In this 60th anniversary year of the quintessential novel of New York teen angst, Catcher in the Rye, Jesse Browner's Everything Happens Today updates Holden Caulfield and perhaps even bests Salinger with a funnier, kinder and wiser tale.
Born Leslie, Wes took up his new name when a summer campmate misheard his mumbled "Les." ("Any idea how hard it is for a boy named Leslie?") He's no alienated whiner--just a sensitive, iPhone-toting 17-year-old with a knack for creative writing and a fantasy longing for his aloof Dalton School classmate Delia. This romance is not to be consummated; instead, he loses his virginity to the school flirt Lucy after several Bloody Marys at her Upper East Side vacationing parents' apartment.
Wes's long day continues with a contemplative walk back home to Greenwich Village--a day in which "Everything had happened, and nothing had happened." He is the family caregiver, watching over his bedridden mother dying of MS; his deadbeat, philandering, "failed novelist" father; and his adorable, innocent little sister. The day ends with his surprisingly competent cooking of sweetbreads and baby bok choy in an unsuccessful attempt at a congenial family meal.

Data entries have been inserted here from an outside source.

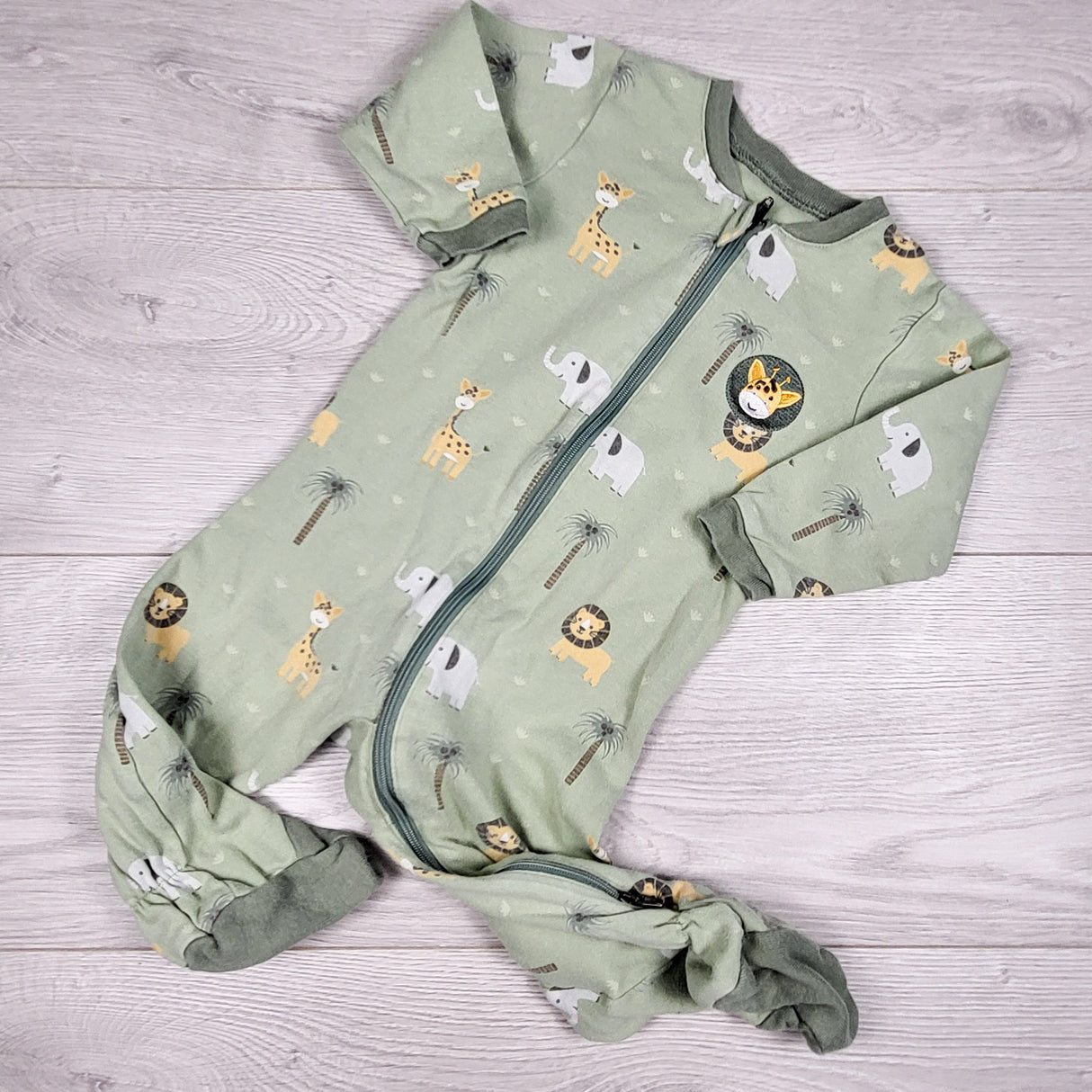 Tuffy green zippered sleeper with safari animals. Size 9 months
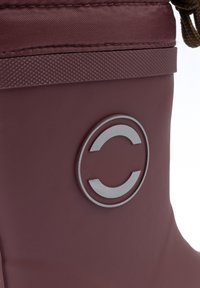 Bordó vízálló csizma texturált felsőrésszel, amelyen kör alakú fém logó található. A tetején húzózsinóros részlet.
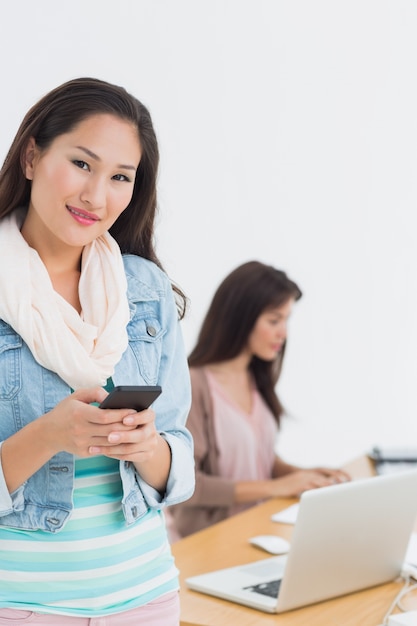 Smiling casual woman text messaging in office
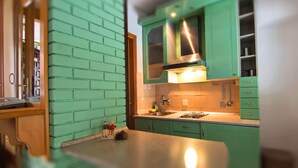 A kitchen with green cabinets, a stainless steel range hood, and a small island with a sink. - Kraljevi Konaci Zlatibor (Zlatibor)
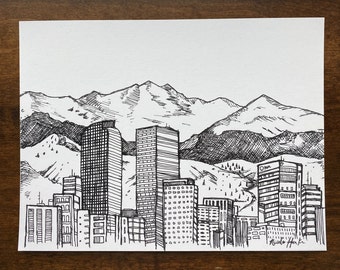May include: Black and white ink drawing of a city skyline with tall buildings and mountains in the background. The drawing is signed "Nicole Hank" in the bottom right corner.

With a sympathetic understanding of today's teen world, Browner (translator, journalist and author of the surprise hit The Duchess Who Wouldn't Sit Down) perfectly captures the language and confusion of a life that is "all too complicated; it made War and Peace feel like The Runaway Bunny." –-Bruce Jacobs, founding partner, Watermark Books & Cafe, Wichita, Kans.